Bastou aos nativos de Nova Iorque Artificial Brain o lançamento do disco de estreia Labyrinth Constellation para que estes se tornassem referência imediata para quem procurasse não só o melhor que a grande maçã tem para oferecer, como também para designar uma das mais interessantes propostas a surgir desta nova vaga de death metal experimental. Para os mais desapegados, o ponto forte da banda passa por fundir dissonâncias extraterrestres em grandes distensões de black metal numa proficiência de death. Com a chegada do seu segundo contributo, Infrared Horizon, a moldura sonora da banda expandiu-se para o uso/abuso de melodias, sintetizadores e progressões capazes de abrir caminhos astrais. A tonalidade e procissão que por si só já era distópica e interplanetária permanece, mas de forma ainda mais expressiva, sendo esse, sem sombra de dúvida, o ponto forte do grupo.

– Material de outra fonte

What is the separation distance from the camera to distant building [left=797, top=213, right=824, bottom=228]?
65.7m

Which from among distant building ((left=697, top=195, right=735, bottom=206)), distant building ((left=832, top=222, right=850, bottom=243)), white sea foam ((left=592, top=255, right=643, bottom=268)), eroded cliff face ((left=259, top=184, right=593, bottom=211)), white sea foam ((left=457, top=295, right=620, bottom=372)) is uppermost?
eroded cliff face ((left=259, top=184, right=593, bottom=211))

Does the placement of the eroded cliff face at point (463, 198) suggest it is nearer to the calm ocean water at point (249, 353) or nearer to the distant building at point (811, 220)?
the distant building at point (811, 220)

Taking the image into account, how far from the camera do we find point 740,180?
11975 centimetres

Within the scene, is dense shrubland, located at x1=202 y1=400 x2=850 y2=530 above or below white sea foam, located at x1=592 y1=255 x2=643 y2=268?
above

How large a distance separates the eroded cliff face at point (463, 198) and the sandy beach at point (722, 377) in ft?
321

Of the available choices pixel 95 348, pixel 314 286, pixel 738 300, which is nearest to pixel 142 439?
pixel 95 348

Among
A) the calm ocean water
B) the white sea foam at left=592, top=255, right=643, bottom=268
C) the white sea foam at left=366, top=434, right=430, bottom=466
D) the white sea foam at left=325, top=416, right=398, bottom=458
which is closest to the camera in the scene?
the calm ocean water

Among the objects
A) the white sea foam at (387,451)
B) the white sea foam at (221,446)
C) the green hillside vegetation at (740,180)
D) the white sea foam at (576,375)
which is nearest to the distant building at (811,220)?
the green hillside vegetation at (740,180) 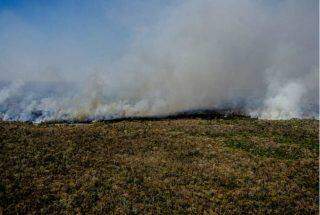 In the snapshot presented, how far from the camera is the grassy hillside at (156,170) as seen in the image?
Result: 26719 millimetres

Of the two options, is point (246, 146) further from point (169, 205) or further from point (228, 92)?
point (228, 92)

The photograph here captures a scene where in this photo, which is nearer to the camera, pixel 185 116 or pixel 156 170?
pixel 156 170

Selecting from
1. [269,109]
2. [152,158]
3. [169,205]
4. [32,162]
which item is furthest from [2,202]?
[269,109]

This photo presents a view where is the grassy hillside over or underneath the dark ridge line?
underneath

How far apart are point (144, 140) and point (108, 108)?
3064cm

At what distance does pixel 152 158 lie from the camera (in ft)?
119

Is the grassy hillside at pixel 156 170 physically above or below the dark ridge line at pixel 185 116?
below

Infelizmente para os nova-iorquinos, o ritmo de concertos tem sido inconstante. São poucas as digressões, algumas as mudanças de alinhamento e muitos os projetos paralelos. Com isto, o grupo dificilmente se deixa expandir além do seu estado e continente – não sendo isso motivo para desvalorizar o trabalho que têm vindo a desenvolver até aqui. Mesmo que a sensação de pouco ou nenhum reconhecimento seja predominante, há que deixar a música falar por si. Cinco anos depois do seu último disco, os Artificial Brain anunciam a chegada do seu novo auto-intitulado contributo – uma reafirmação visionária que serve para fechar um ciclo: a despedida do vocalista Big Will, e também o fecho da trilogia estelar. Tendo em conta o tempo de espera e a antecipação com os breves teases ao vivo e em estúdio, é seguro dizer que a demora valeu a pena.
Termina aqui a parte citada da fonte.